WHAT TO DO:
Copy each line below exactly and leave the pictures out.

DATASET EXTRACT:
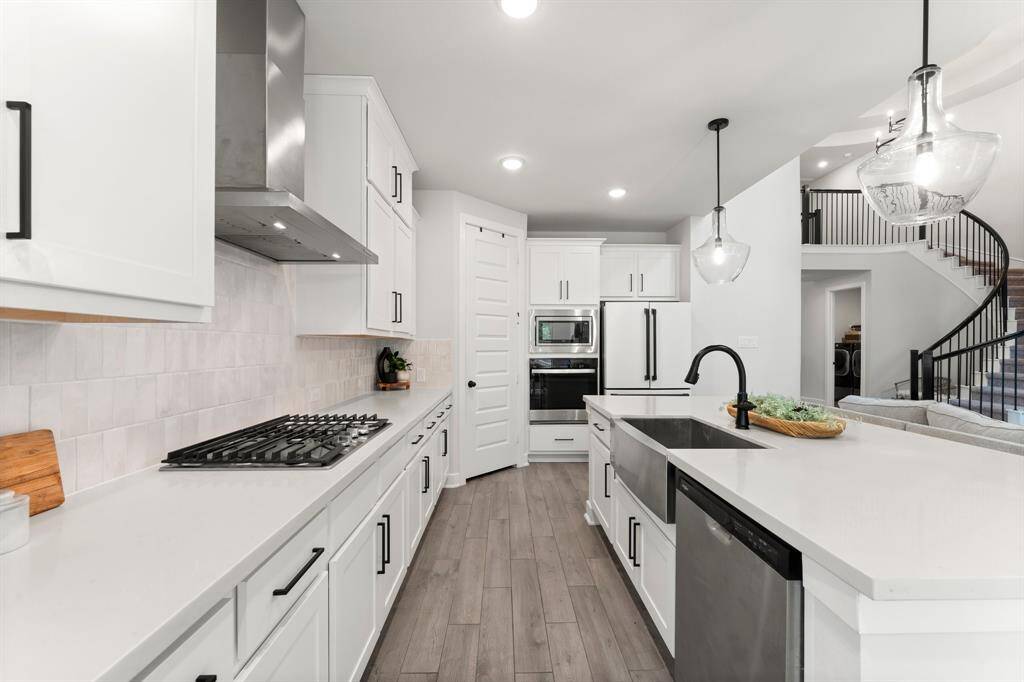 Large island with steel farmhouse sink is perfect for entertaining.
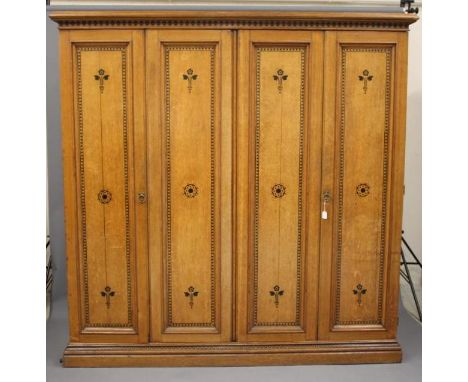 A GOTHIC REVIVAL LIGHT OAK AND BLACK STENCILLED WARDROBE, in the manner of Marsh, Jones &amp; Cribb, the moulded cornice over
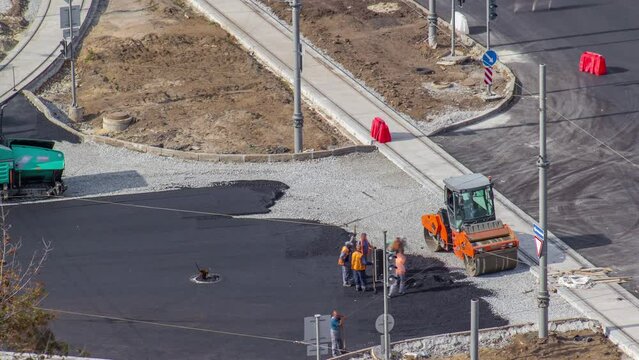 Construction site of avenue with asphalt paver, roller and truck aerial timelapse.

TASK OUTPUT:
 Large island with steel farmhouse sink is perfect for entertaining.
 A GOTHIC REVIVAL LIGHT OAK AND BLACK STENCILLED WARDROBE, in the manner of Marsh, Jones &amp; Cribb, the moulded cornice over
 Construction site of avenue with asphalt paver, roller and truck aerial timelapse.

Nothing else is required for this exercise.